▸ Problem: Restate word for word the lines below from the one that has "Bosch RUNDSAVKLINGE OPTILINE" through the one that has "1.5m Aquarium Manual", keeping both and dropping all pictures.

▸ Information supplied:
/---
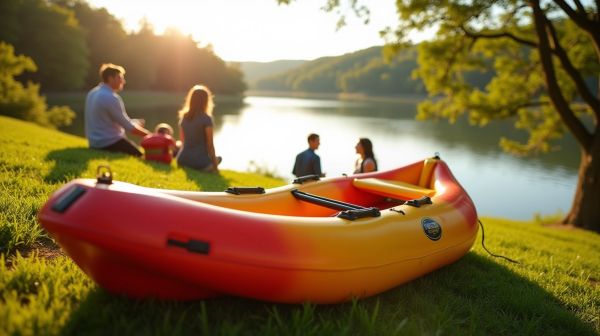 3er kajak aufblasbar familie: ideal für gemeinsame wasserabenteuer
\---
/---
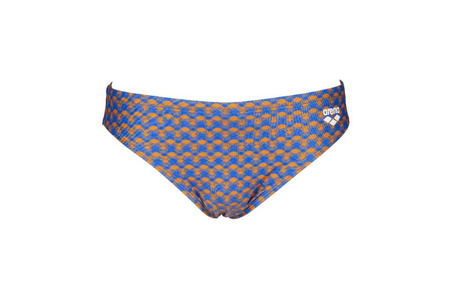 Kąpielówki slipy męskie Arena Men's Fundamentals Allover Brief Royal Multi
\---
/---
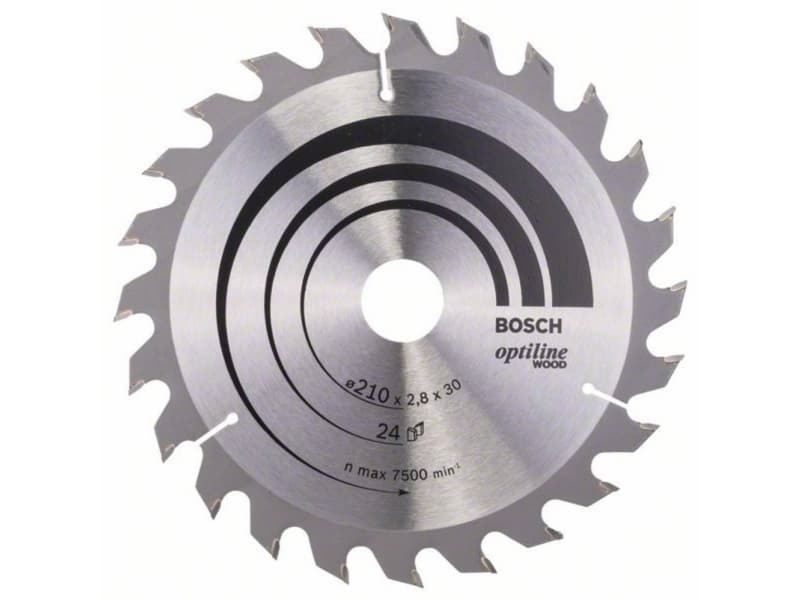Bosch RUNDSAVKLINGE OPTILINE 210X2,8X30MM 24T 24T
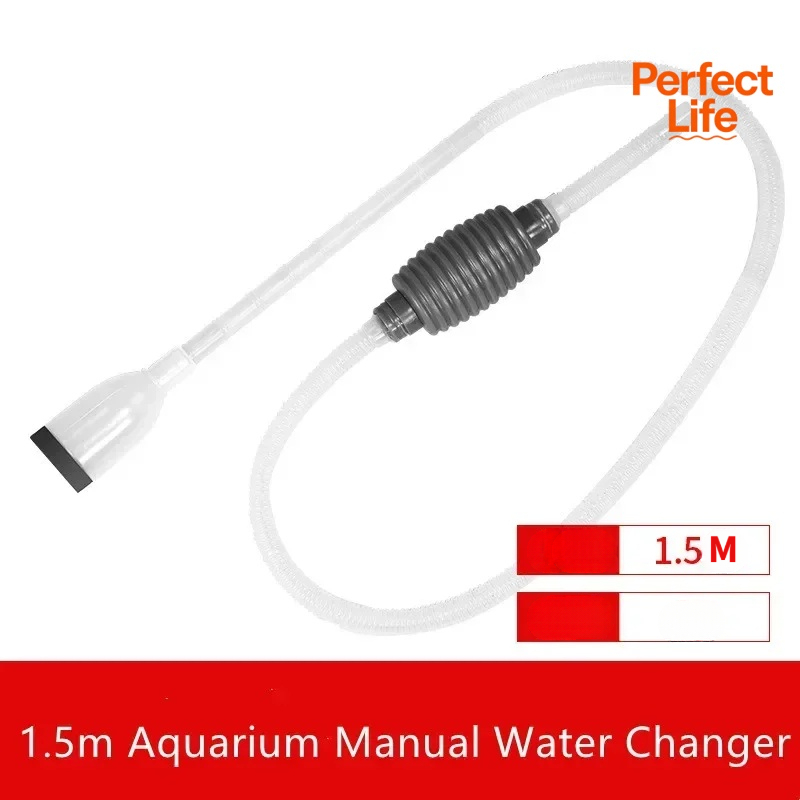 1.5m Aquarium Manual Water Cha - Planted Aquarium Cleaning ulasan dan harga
\---
▸ Exercise output:
Bosch RUNDSAVKLINGE OPTILINE 210X2,8X30MM 24T 24T
 1.5m Aquarium Manual Water Cha - Planted Aquarium Cleaning ulasan dan harga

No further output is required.